“Si
hoy en día les preguntaran a veinte hombres rectos cuál creen que es la virtud
más importante, diecinueve de ellos responderían: la renuncia de uno mismo. No
obstante, si se lo hubieran preguntado a prácticamente cualquier buen cristiano
de la antigüedad, habría respondido: el Amor. ¿Ven lo que ha ocurrido? Un
término negativo ha reemplazado a otro positivo, y eso reviste una importancia
que trasciende lo filológico. La idea negativa de renuncia conlleva la premisa
de no estar procurando por encima de todo el bien de los demás, sino
privándonos nosotros de él, como si lo importante fuese nuestra abstinencia y
no la felicidad ajena.
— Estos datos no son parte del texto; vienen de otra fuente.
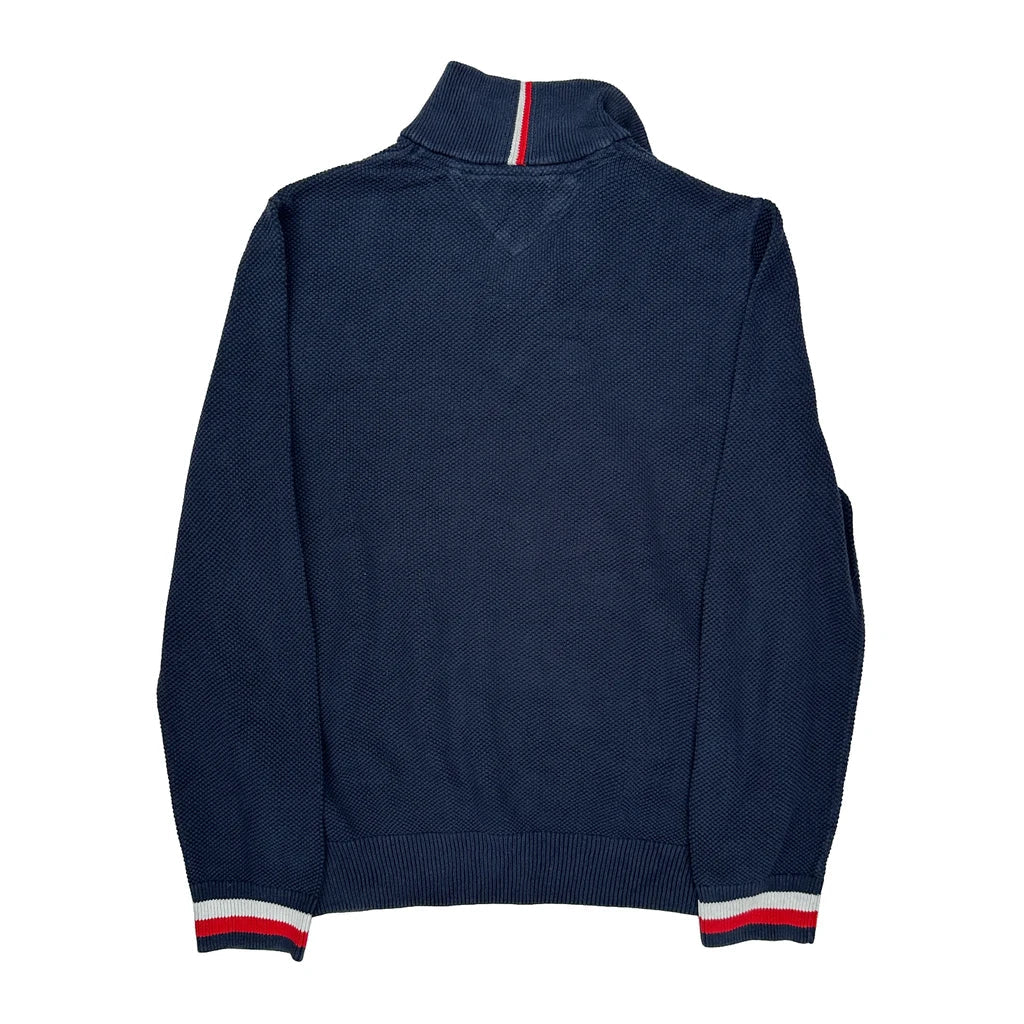 Buy Tommy Hilfiger Striped 1/4 Zip - Medium Navy Cotton Refurbished - $30.81 Tommy Hilfiger Striped 1/4 Zip - Medium Navy Cotton Refurbished - Thrifted (note: this is a term often used to describe second- refurbished available on Cerqular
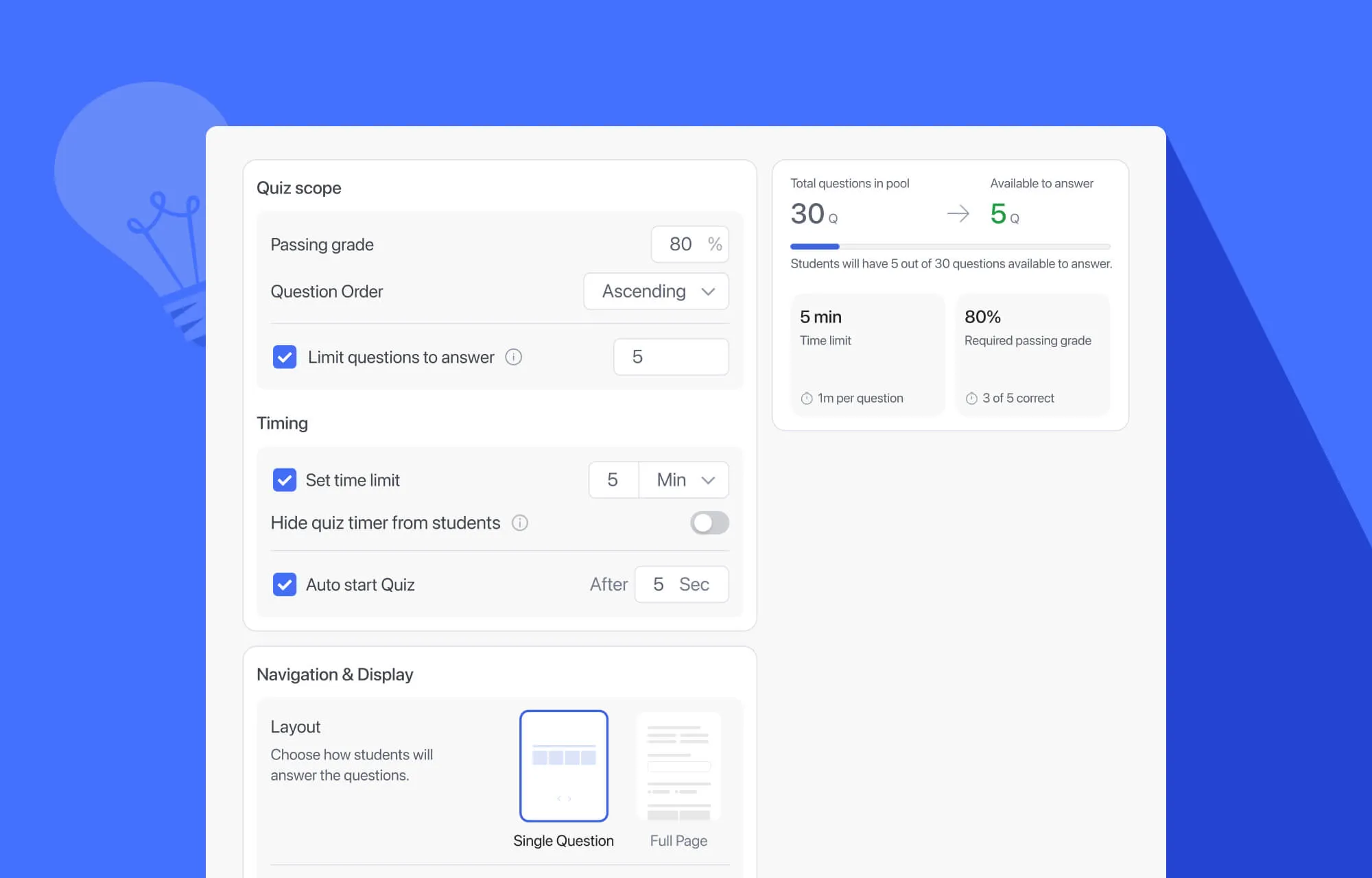 Smarter Quiz Settings in Tutor LMS 4.0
No creo que esa sea la virtud cristiana del Amor. El
Nuevo Testamento habla por extenso de la renuncia a uno mismo, pero no como fin
en sí mismo. Nos dice que nos neguemos a nosotros mismo y tomemos nuestras
cruces para poder seguir a Cristo; y casi todas las descripciones de lo que
acabaremos encontrando si lo hacemos contienen una llamada al deseo. Si en la
mayoría de la mentes de hoy en día acecha la idea de que el deseo de nuestro
propio bien y la ferviente esperanza de disfrutar de él son malos, me permito
sugerir que dicha idea se ha deslizado en ellas gracias a Kant y a los
estoicos, y que no forma parte de la fe cristiana. Es más: si consideramos las
patentes promesas de recompensa y la asombrosa naturaleza de las promesas que
contienen los evangelios, da la impresión de que al Señor nuestros deseos no le
parecen demasiado intensos, sino demasiado débiles. Somos criaturas con un
corazón poco entusiasta que pierden el tiempo con la bebida, el sexo y la
ambición, cuando lo que se les ofrece es una felicidad infinita: como un niño
ignorante que quiere seguir haciendo pasteles de barro en un suburbio porque es
incapaz de imaginar lo que significa la oferta de vacaciones junto al mar. Nos
conformamos fácilmente con cualquier cosa”.
Sermón pronunciado en Oxford el 8 de
junio de 1941,
C. S. Lewis, El peso de la
gloria, Rialp, Madrid, 2017, pp. 31-32.